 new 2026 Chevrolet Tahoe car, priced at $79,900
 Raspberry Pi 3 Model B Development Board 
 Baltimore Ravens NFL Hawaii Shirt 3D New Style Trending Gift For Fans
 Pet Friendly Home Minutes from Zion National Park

...

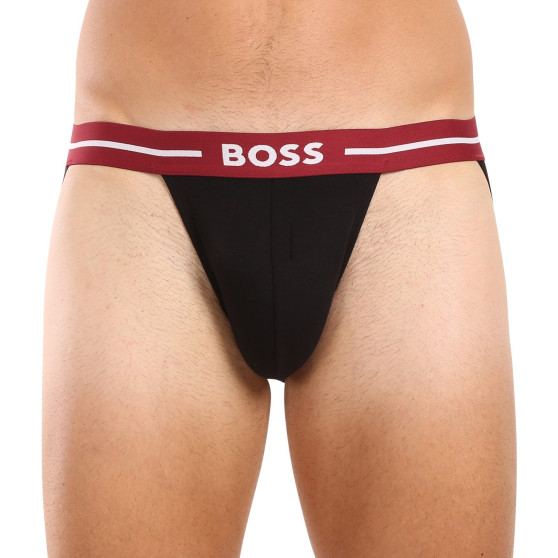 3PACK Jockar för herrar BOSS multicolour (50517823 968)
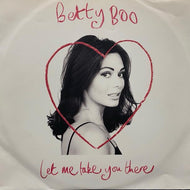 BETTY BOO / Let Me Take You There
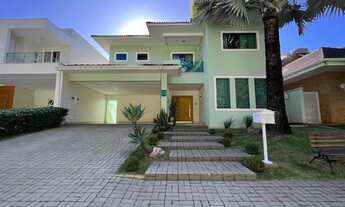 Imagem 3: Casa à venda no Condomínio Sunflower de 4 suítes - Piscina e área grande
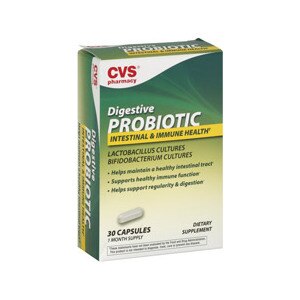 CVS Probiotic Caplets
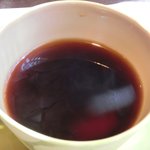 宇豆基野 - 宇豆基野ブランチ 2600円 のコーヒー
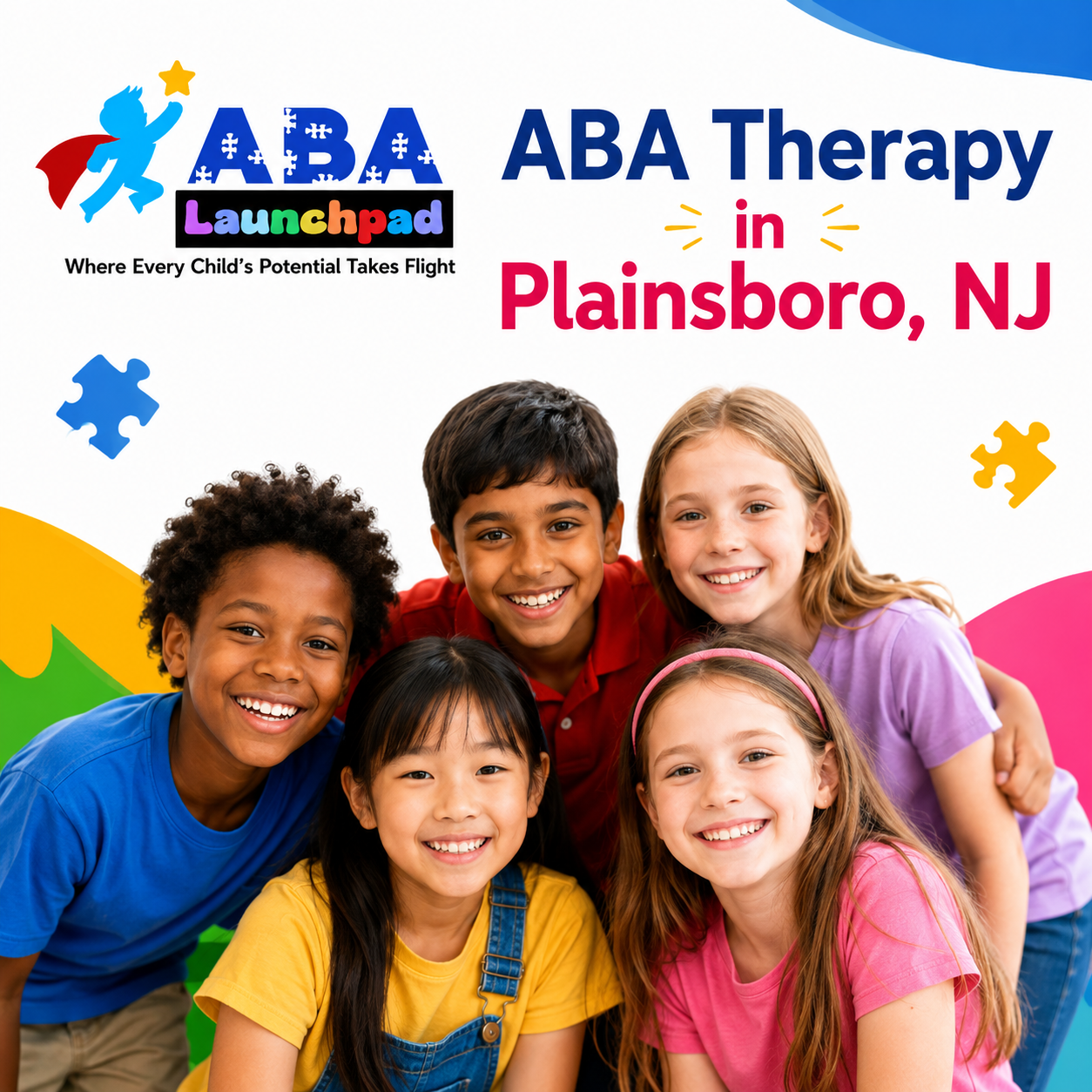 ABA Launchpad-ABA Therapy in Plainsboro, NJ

### Prompt
Above are the records; restate exactly the lines from the one containing "3PACK Jockar för" through the one containing "ABA Launchpad-ABA Therapy in Plainsboro, NJ", keeping pictures out.

### Task response
 3PACK Jockar för herrar BOSS multicolour (50517823 968)
 BETTY BOO / Let Me Take You There
 Imagem 3: Casa à venda no Condomínio Sunflower de 4 suítes - Piscina e área grande
 CVS Probiotic Caplets
 宇豆基野 - 宇豆基野ブランチ 2600円 のコーヒー
 ABA Launchpad-ABA Therapy in Plainsboro, NJ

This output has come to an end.